Unfortunately, the court had failed to inform counsel at either of the conferences which immediately preceded oral argument (afternoon of May 1 and morning of May 2) that there was any uncertainty as to which of the disputed instructions the court proposed to give, refuse, or modify. Instead, the court directed counsel to proceed with oral argument. The confusion, therefore, was caused by the court rather than by counsel. Having conferred with counsel on proposed instructions, it was the duty of the court to delay the argument until its own uncertainty was resolved and counsel advised accordingly. That is the purpose of Code of Civil Procedure section 607a, which provides in part that:

'Before the commencement of the argument, the court, on request of counsel, must: (1) decide whether to give, refuse, or modify the proposed instructions; (2) decide which instructions shall be given in addition to those proposed, if any; and (3) advise counsel of all instructions to be given.'

It is axiomatic that it is the function of the court, not counsel, to instruct the jurors as to the law of the case. However, it is the right of counsel, and therefore not misconduct, to discuss the law of the case in his oral argument, provided, of course, that his statement of the law is correct and is not at variance with instructions on the law which the court has advised counsel it will give. (See Hodges v. Severns, 201 Cal.App.2d 99, 114, 20 Cap.Rptr. 129.)

Assuming, arguendo, that defense counsel was guilty of the misconduct charged, we hold, notwithstanding, that such misconduct was not grounds for granting a new trial for these reasons:

(1) When the court reconvened following the second conference on May 2, it explained to the jurors that it was the court's responsibility to instruct them as to the law, that it does so after conferring with counsel, that it did not believe it would give them a particular instruction or two to which counsel for the defendant had referred, and that the jurors were to take their instructions from the court.

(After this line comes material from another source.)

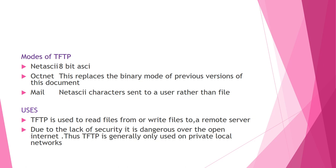As far as uses are considered, TFTP is used to read files from or write files to remote server. TFTP due to lack of security, it is dangerous over the open internet. Thus, TFTP is generally only used on private local networks.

We believe that this admonition cured any possible prejudicial error and that, in accordance with article VI, section 13, of the California Constitution, the judgment should not be set aside.

(2) There was no motion for a mistrial at any time by counsel for the plaintiffs, in the apparent belief that defense counsel's conduct, it error, was not prejudicial or that the court's admonition cured the prejudice. By failing to make a timely motion for a mistrial, the alleged misconduct was waived. (Hansen v. Warco Steel Corp., 237 Cal.App.2d 870, 878, 47 Cal.Rptr. 428, 48 Cal.Rptr. 164.)

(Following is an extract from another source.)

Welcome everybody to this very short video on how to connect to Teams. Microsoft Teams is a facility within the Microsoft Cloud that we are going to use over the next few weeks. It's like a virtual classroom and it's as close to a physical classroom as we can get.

We next consider the plaintiffs' cross-appeal predicated upon the court's failure to give a conditional res ipsa loquitur instruction as requested by the plaintiffs.

The fatal mid-air collision between the two airplanes occurred on January 1, 1965, at approximately 12:30 p.m. over Folsom Lake at an altitude of 2,500 to 3,000 feet. The visibility was excellent, and both pilots were experienced, with many hours of flying in both single and multiple engine aircraft. At the time of the collision, the two planes, each on pleasure and sight-seeing flights, had been in the air only a few minutes. As a result of the collision, the Comanche lost two or three yards of its right wing and plunged into the lake and was never recovered. The right half of the horizontal part of the tail of the Debonair was parted by the impact, but the plane managed to return to the Sacramento Airport.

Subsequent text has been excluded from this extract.